**Captioned web image data**
= = = =

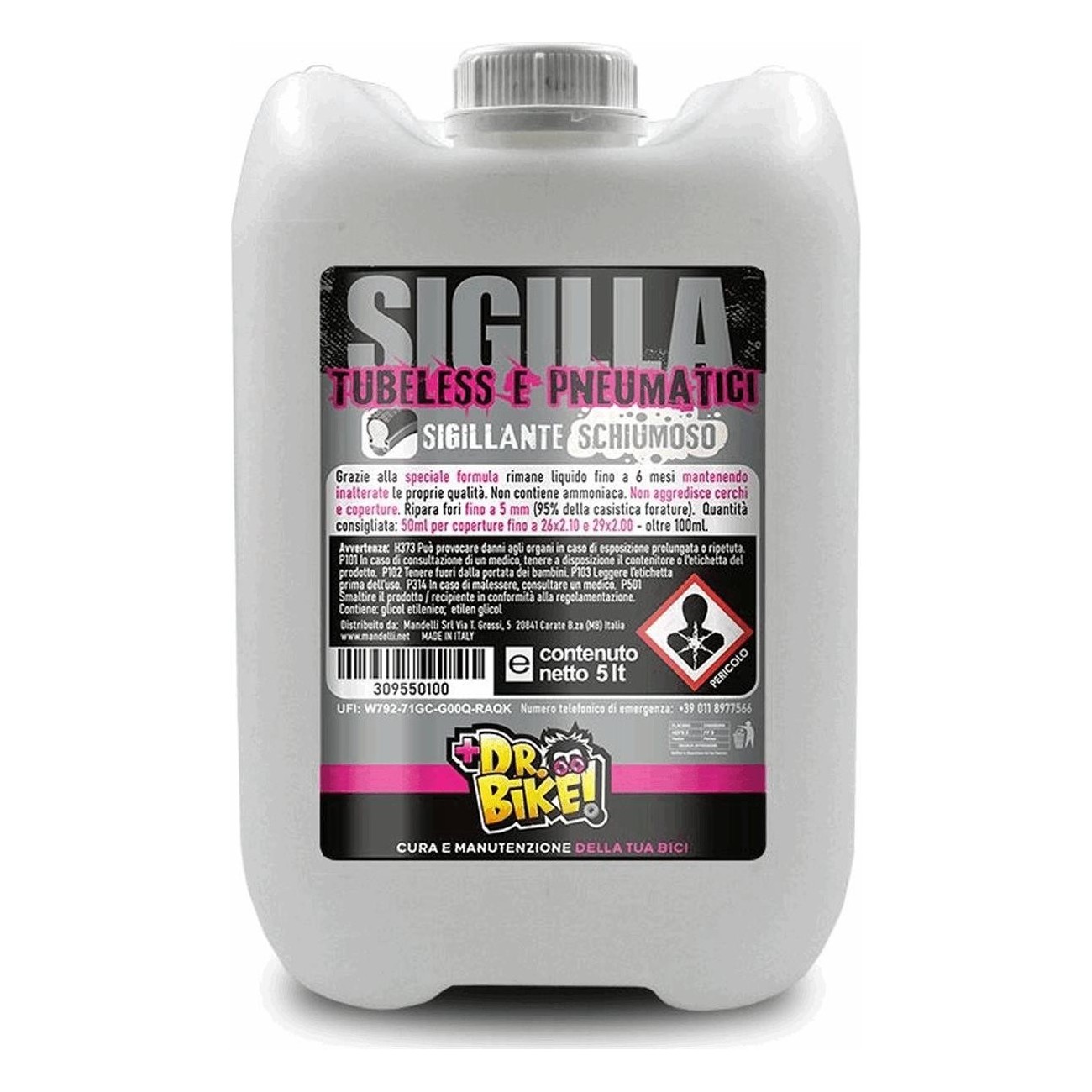 Dr.bike Scellant Mousse 5L - Répare les Crevaisons jusqu'à 5mm, Formule Liquide 6 Mois - 1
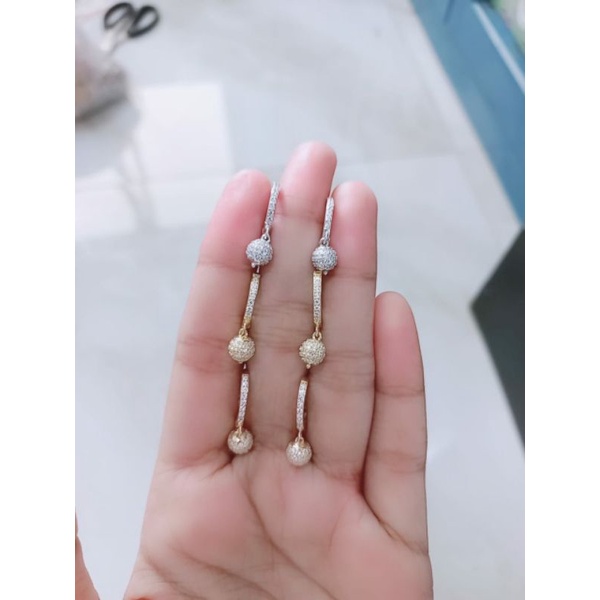 Anting jepit perak925 asli lapis emas/Anting jepit gantungan bola mata putih full/anting silver 925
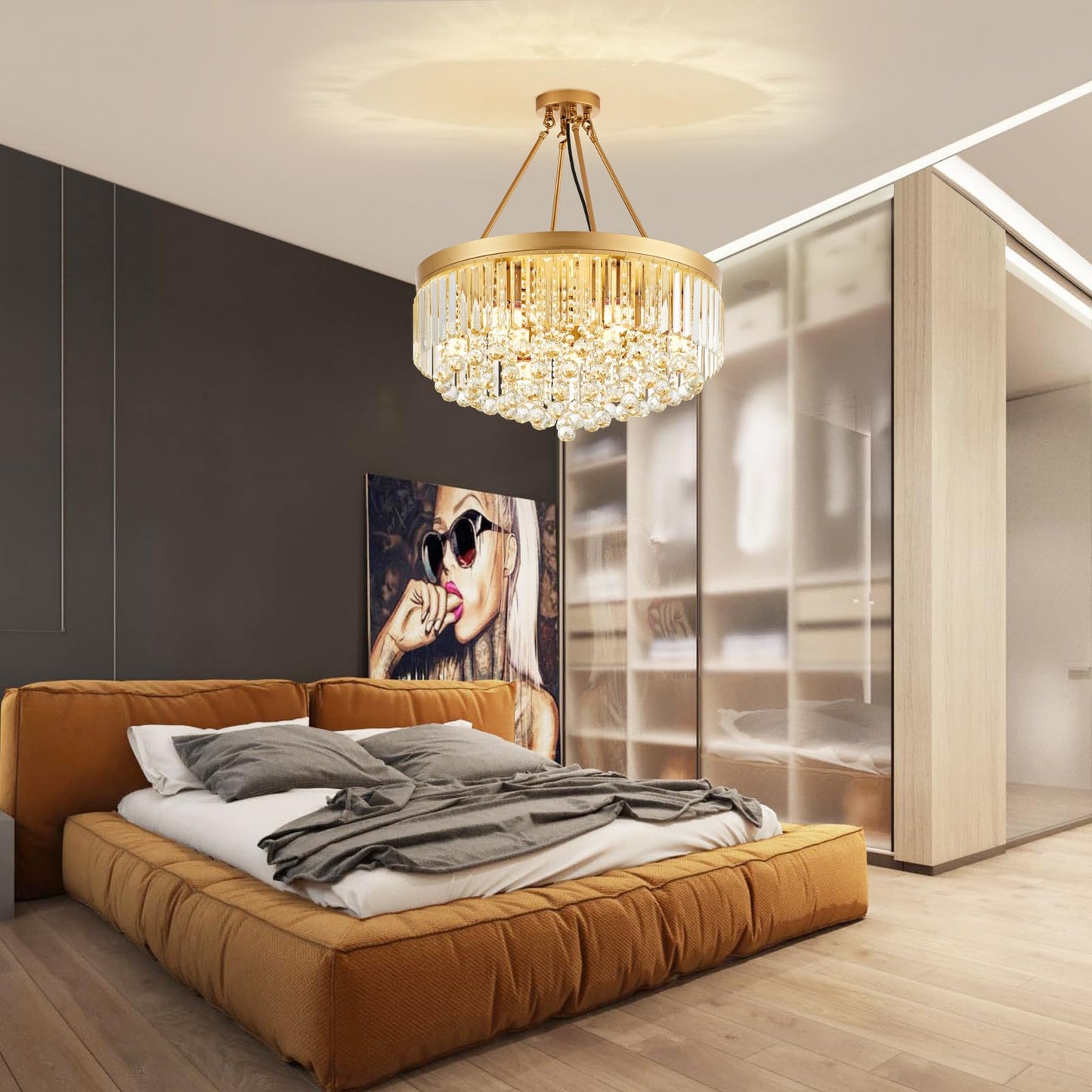 brfaixla 9-Light Gold Crystal Chandelier Contemporary 22'' Modern Semi Flush Mount Crystal Hanging Light Sparkling Decoration for Bedroom Entryway Living Dining Room Kitchen Island Hallway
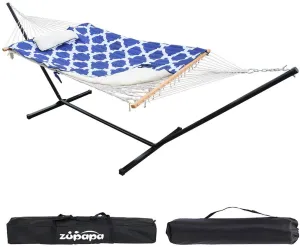 Zupapa 12' Cotton Rope Pad Hammock with Stand & Bags-Geometric Royal Blue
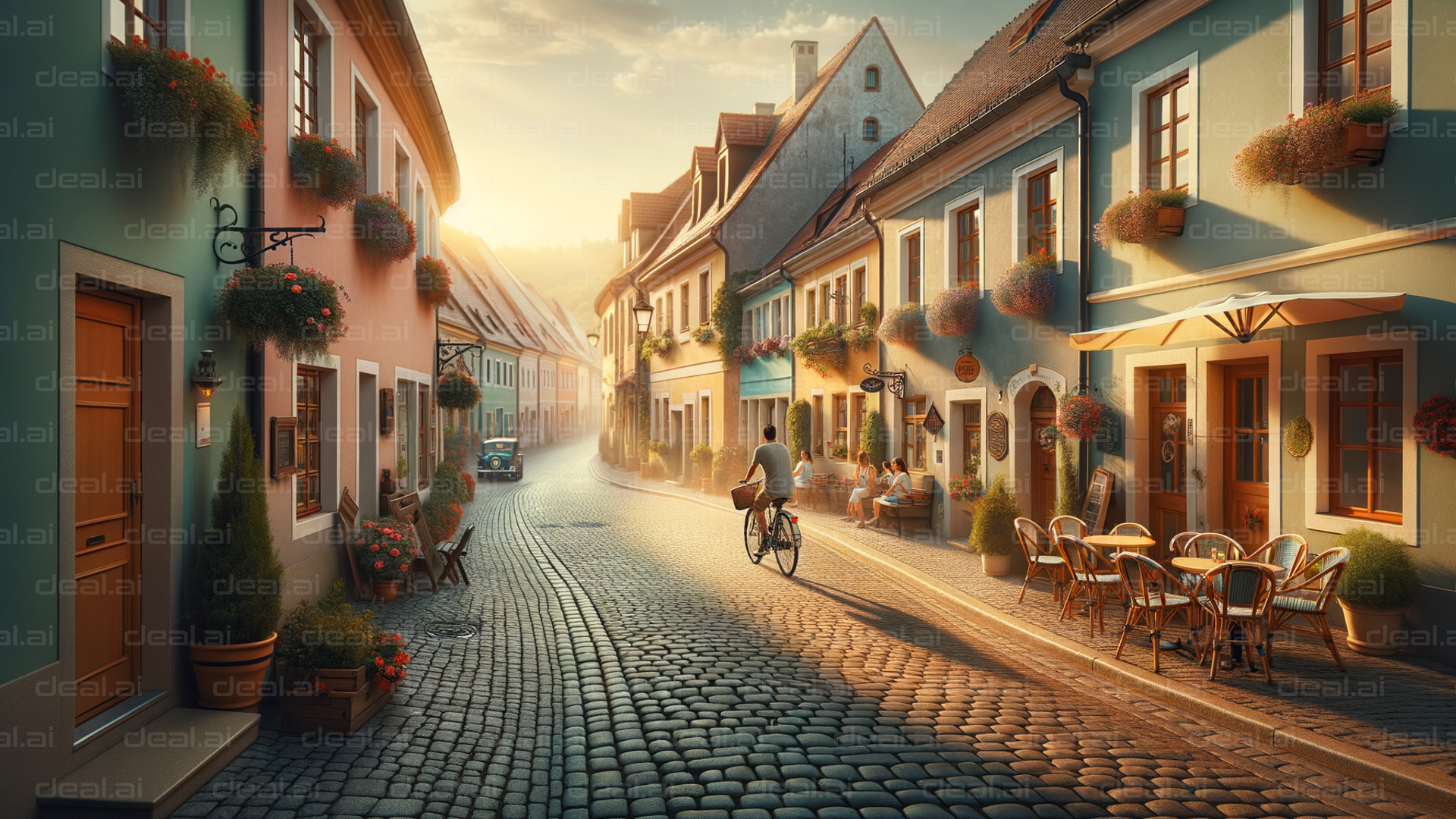 Cyclist on a Sunny Village Street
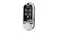 Angled front view of the Lockly smart lock showing the touchscreen keypad, camera, and fingerprint sensor Angled front view of the Lockly smart lock showing the touchscreen keypad, camera, and fingerprint sensor
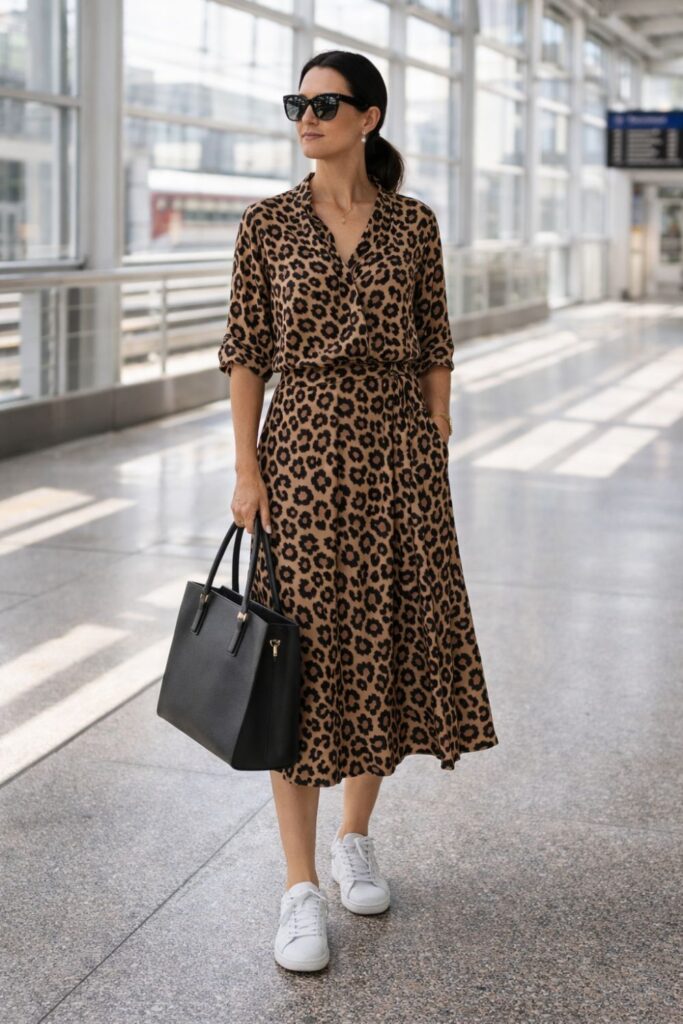 Woman wearing a leopard-print midi dress styled with clean white sneakers and oversized sunglasses, finished with a structured black tote for a polished travel-ready outfit that blends comfort with effortless style.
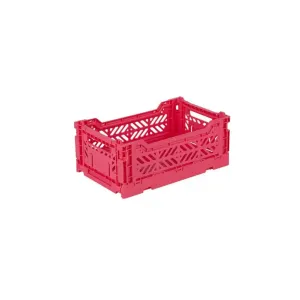 Foldable Storage Bins, Plastic Crate for Storage, Collapsible Crate, Utility Stackable Box Small Dark Pink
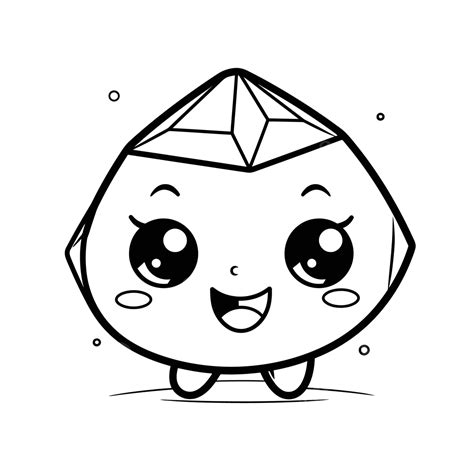 Kawaii Diamond Coloring Page With A Cute Face Outline Sketch Drawing ...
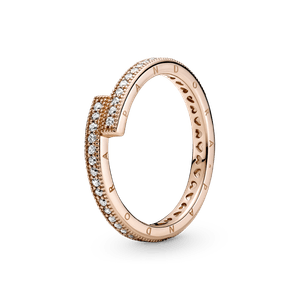 Anillo Sobrepuesto Reluciente Recubrimiento en Oro Rosa de 14K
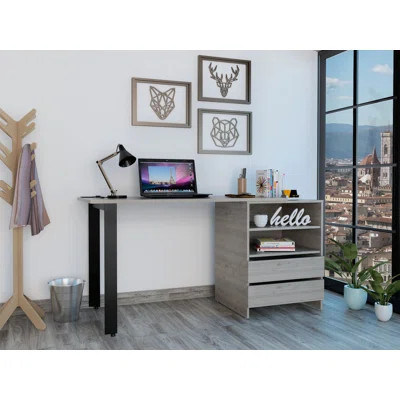 Light Gray 2-Drawer 2-Shelf Writing Desk with Ample Storage and Sleek Design for Modern Home Offices | Wayfair North America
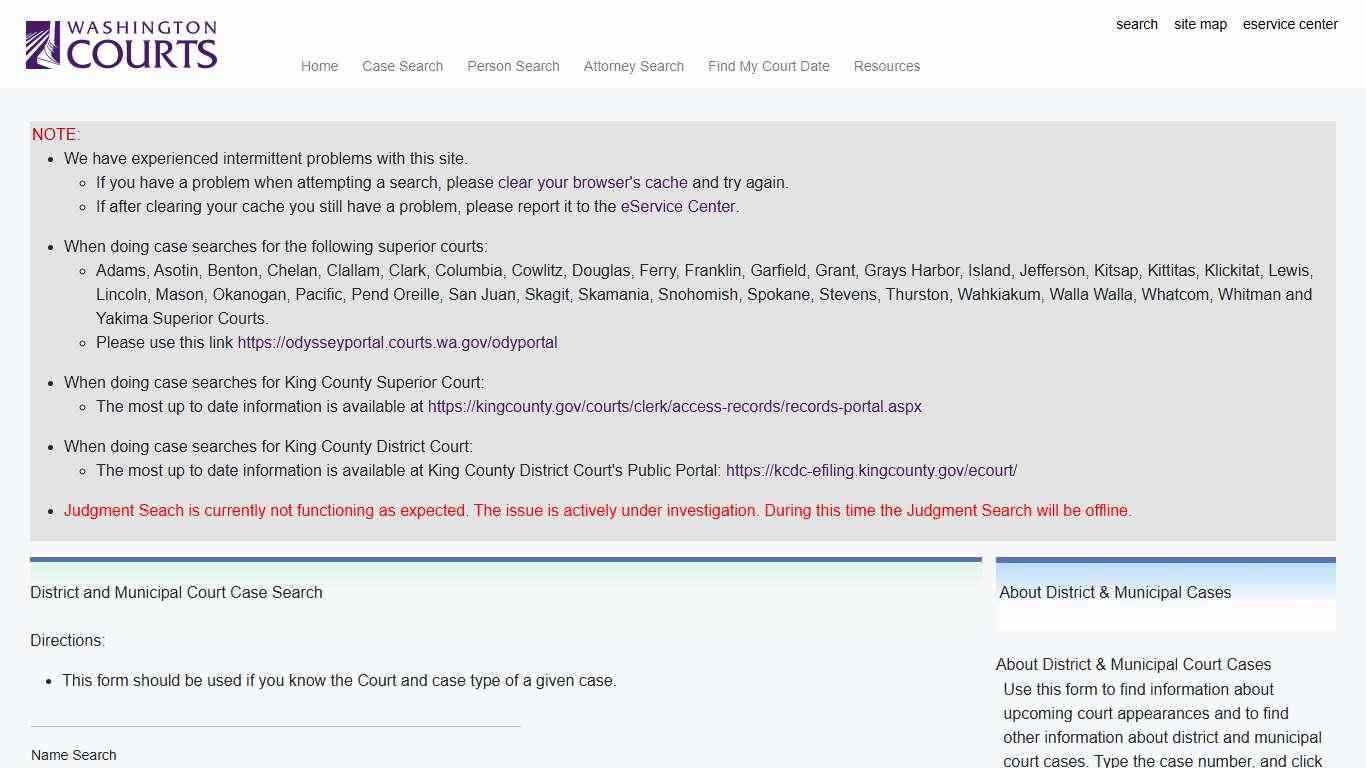 search - Find My Court Date - | WA.gov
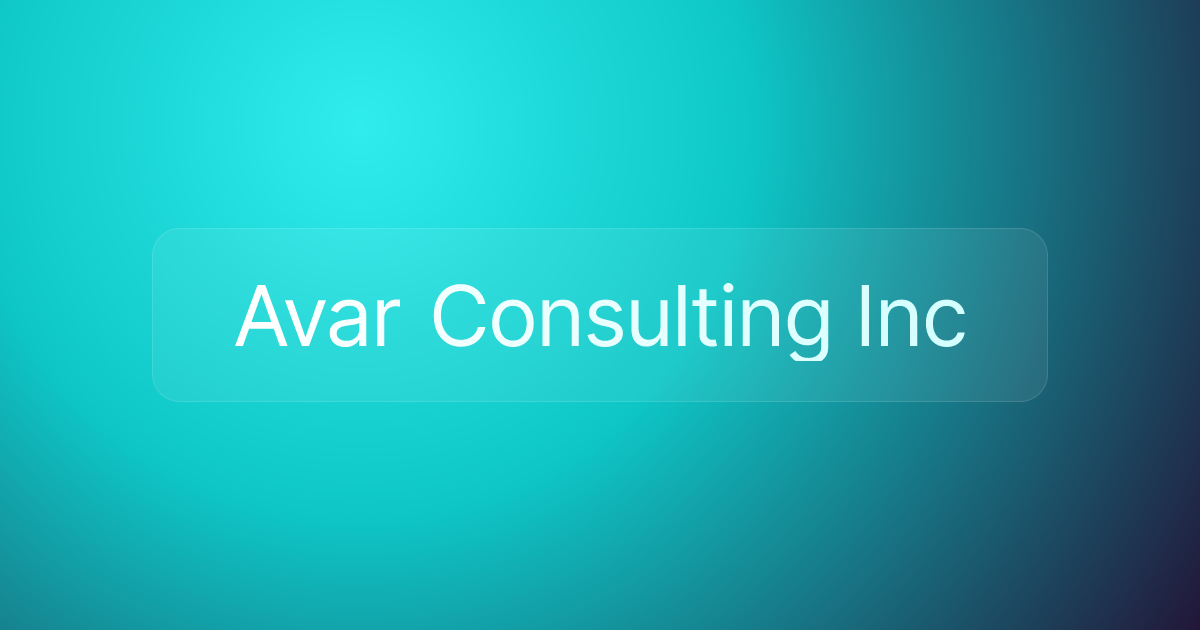 Avar Consulting Inc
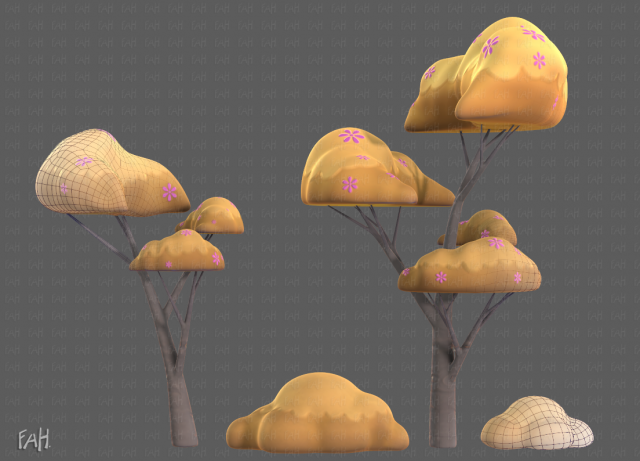 Trees Cartoon V25 Model 3D .c4d .max .obj .3ds .fbx .stl .blend 
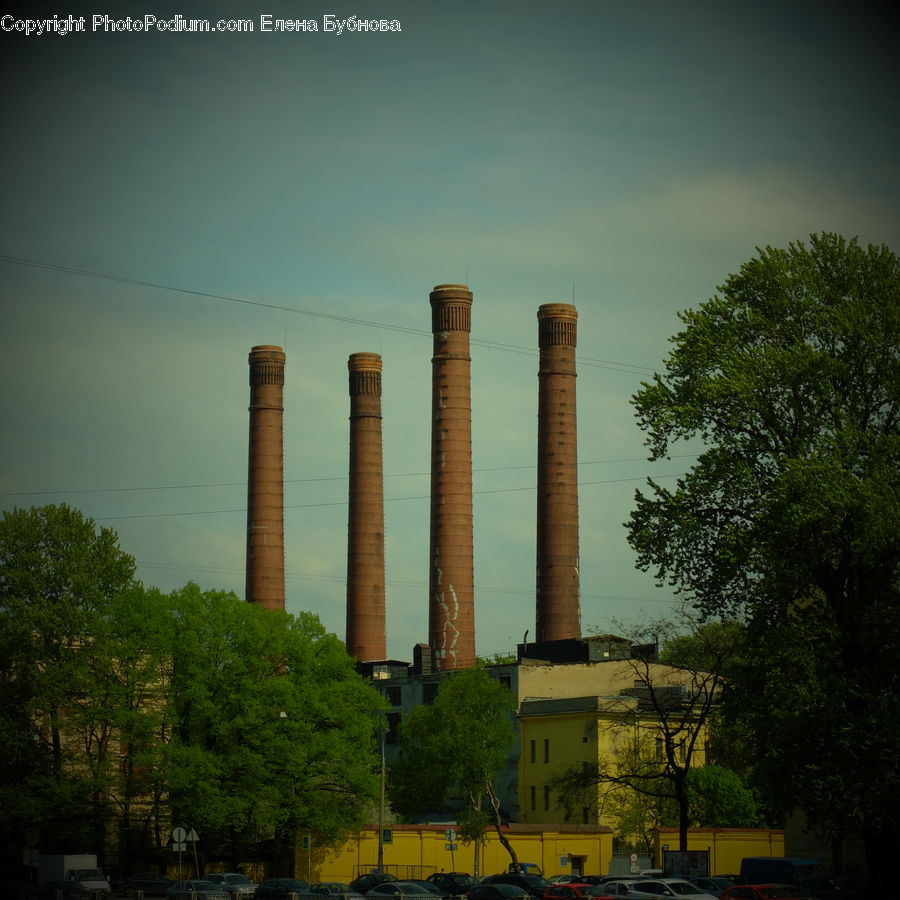 Power Plant, Plant, Tree, Column, Pillar, Downtown, Neighborhood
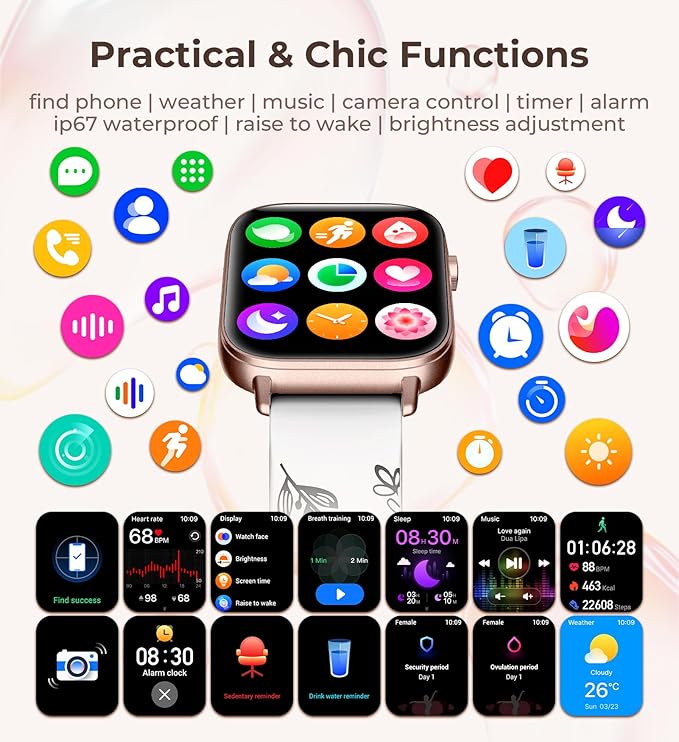 Iaret Smart Watch for Women, 1.83" HD Fitness Tracker with 4 Bands, Answer/Make Calls, Heart Rate/Sleep/SpO2/Step Tracking, 100+ Sport Modes, Android/iPhone Compatible Gift (Black Gold)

= = = =

**What is required**
Write out each entry exactly, images excluded.

**Reply**
 Dr.bike Scellant Mousse 5L - Répare les Crevaisons jusqu'à 5mm, Formule Liquide 6 Mois - 1
 Anting jepit perak925 asli lapis emas/Anting jepit gantungan bola mata putih full/anting silver 925
 brfaixla 9-Light Gold Crystal Chandelier Contemporary 22'' Modern Semi Flush Mount Crystal Hanging Light Sparkling Decoration for Bedroom Entryway Living Dining Room Kitchen Island Hallway
 Zupapa 12' Cotton Rope Pad Hammock with Stand & Bags-Geometric Royal Blue
 Cyclist on a Sunny Village Street
 Angled front view of the Lockly smart lock showing the touchscreen keypad, camera, and fingerprint sensor Angled front view of the Lockly smart lock showing the touchscreen keypad, camera, and fingerprint sensor
 Woman wearing a leopard-print midi dress styled with clean white sneakers and oversized sunglasses, finished with a structured black tote for a polished travel-ready outfit that blends comfort with effortless style.
 Foldable Storage Bins, Plastic Crate for Storage, Collapsible Crate, Utility Stackable Box Small Dark Pink
 Kawaii Diamond Coloring Page With A Cute Face Outline Sketch Drawing ...
 Anillo Sobrepuesto Reluciente Recubrimiento en Oro Rosa de 14K
 Light Gray 2-Drawer 2-Shelf Writing Desk with Ample Storage and Sleek Design for Modern Home Offices | Wayfair North America
 search - Find My Court Date - | WA.gov
 Avar Consulting Inc
 Trees Cartoon V25 Model 3D .c4d .max .obj .3ds .fbx .stl .blend 
 Power Plant, Plant, Tree, Column, Pillar, Downtown, Neighborhood
 Iaret Smart Watch for Women, 1.83" HD Fitness Tracker with 4 Bands, Answer/Make Calls, Heart Rate/Sleep/SpO2/Step Tracking, 100+ Sport Modes, Android/iPhone Compatible Gift (Black Gold)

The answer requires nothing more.